→ **Data**:
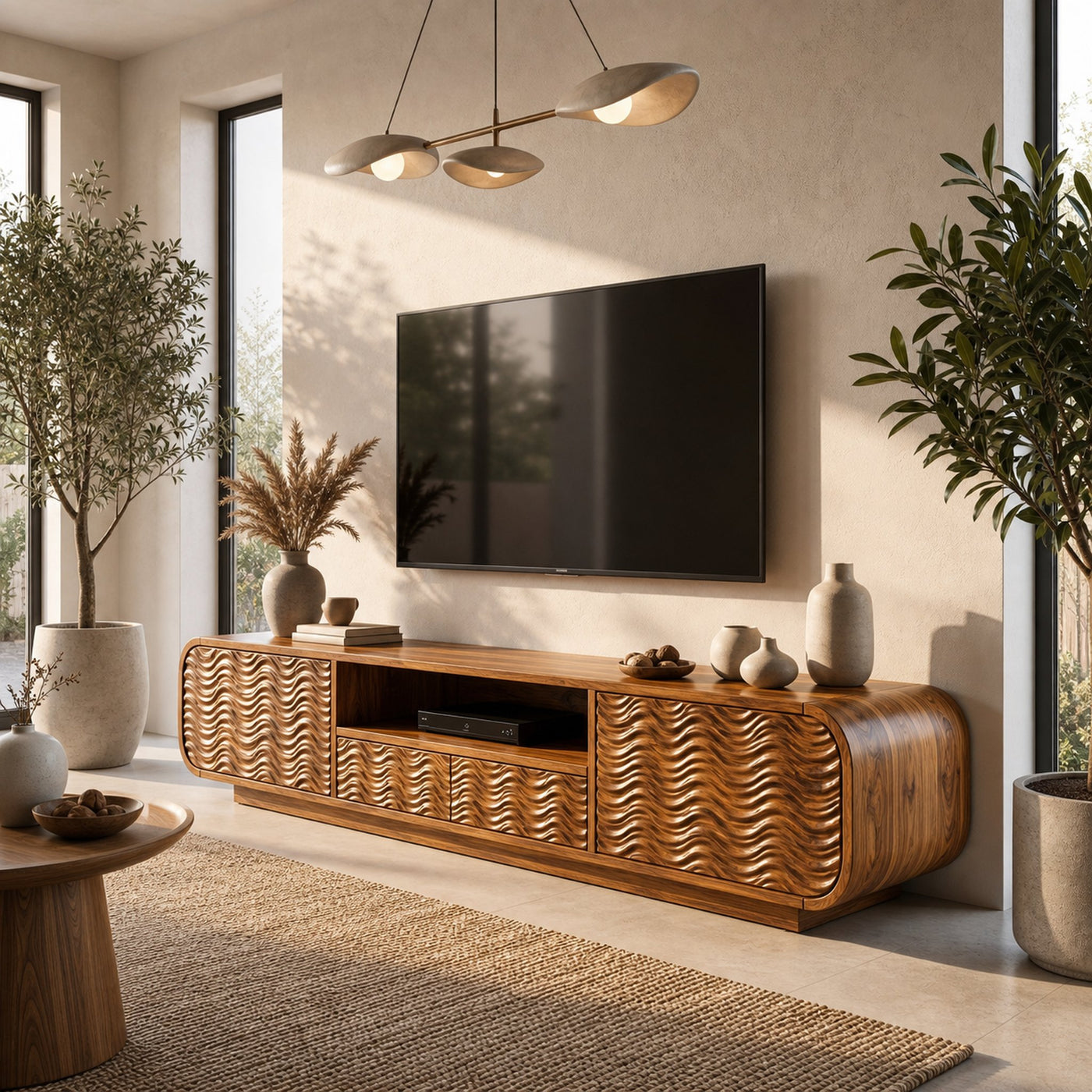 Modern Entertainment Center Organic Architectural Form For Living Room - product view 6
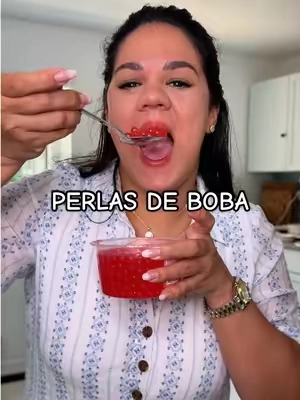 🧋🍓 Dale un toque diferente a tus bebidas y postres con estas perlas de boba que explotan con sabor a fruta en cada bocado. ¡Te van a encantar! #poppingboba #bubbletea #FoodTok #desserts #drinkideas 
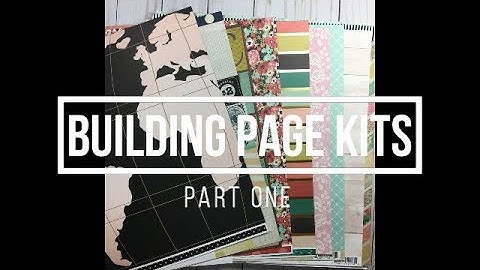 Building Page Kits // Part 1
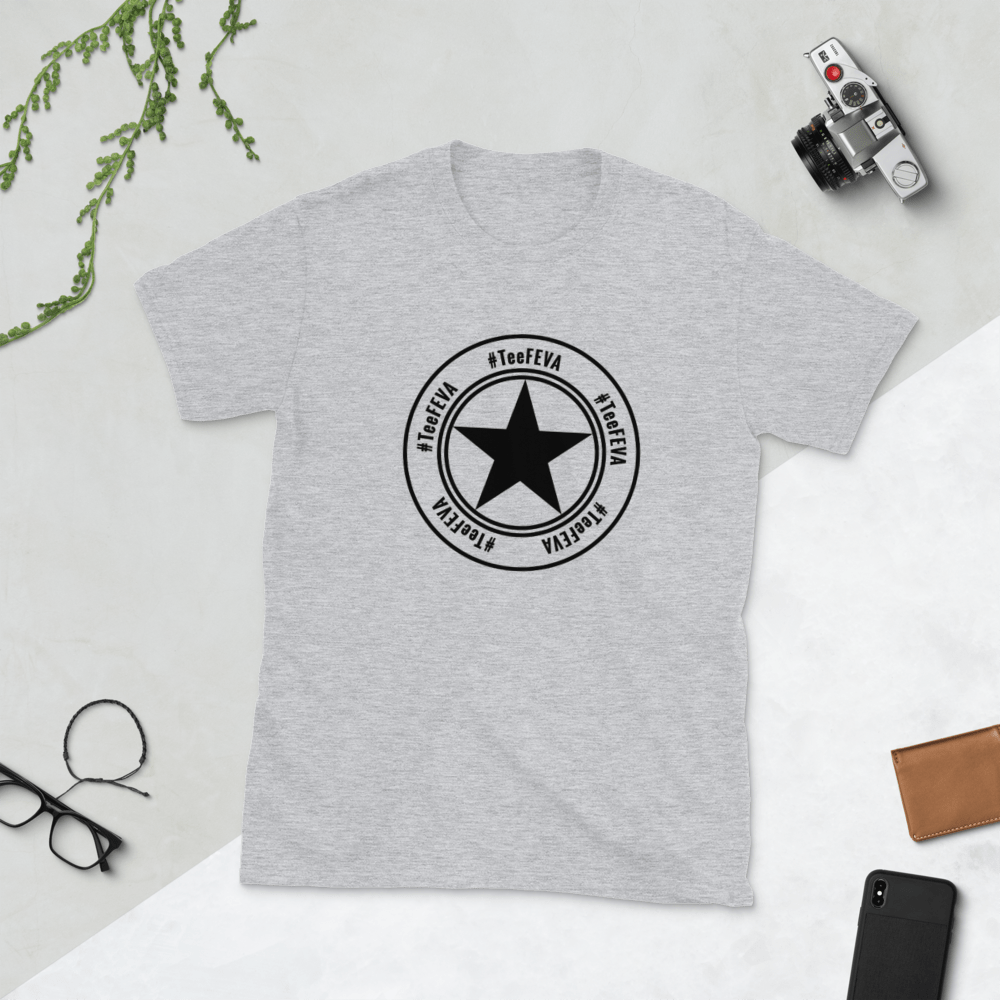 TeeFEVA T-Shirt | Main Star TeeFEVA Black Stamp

→ **Task details**:
Please write out all the data again word for word, but not the pictures.

→ **Written reply**:
 Modern Entertainment Center Organic Architectural Form For Living Room - product view 6
 🧋🍓 Dale un toque diferente a tus bebidas y postres con estas perlas de boba que explotan con sabor a fruta en cada bocado. ¡Te van a encantar! #poppingboba #bubbletea #FoodTok #desserts #drinkideas 
 Building Page Kits // Part 1
 TeeFEVA T-Shirt | Main Star TeeFEVA Black Stamp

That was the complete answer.